On Monday 19. August 2019 00.31.16 Adam Lackorzynski wrote:
> Hi Paul,
> 
> UX is an interesting way of virtualizing a kernel and gives interesting
> insights into both Fiasco and Linux. I guess with some work it would be
> well possible to make this work on MIPS.

After writing my message, I did think of pursuing a simpler, iterative 
approach to making the kernel run as a Linux process, ultimately employing 
most of the same techniques but without trying to adapt the existing UX code.

> But, before going on this endeavor what about QEMU? It should be much
> quicker and simpler to run it through QEMU,

This did occur to me: after all, what is mostly needed is a way of emulating 
the privileged instructions, and QEMU is a general framework for achieving 
this. (The documentation isn't completely clear about whether I would end up 
emulating everything even on the same architecture.)

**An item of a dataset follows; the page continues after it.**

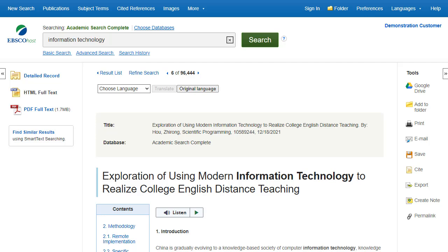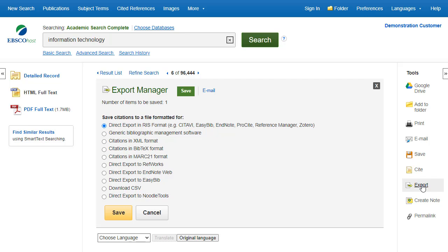In addition, if you would prefer to export a citation to bibliographic management software such as EndNote or ProCite, you can do this by using the Export feature, also available in the Tools menu. You can also add multiple articles to the folder and export their citations all at once from within the folder.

So, I have built Fiasco and L4Re for the MIPS Malta platform, and it seems to 
be possible to launch a system using the Makefile. For instance:

make O=mybuild qemu E=hello

However, I imagine that either a graphical example is needed where the SDL 
interface for QEMU is being used, or that some options are required to get 
QEMU to use a simple serial console. There appear to be some options and the 
possibility to do something like this:

make O=mybuild qemu E=hello QEMU_OPTIONS='-nographic'

Maybe even the machine type is necessary amongst the options as well. This 
doesn't seem to produce output, though.

I have to ask: what do people actually use when developing L4Re and Fiasco?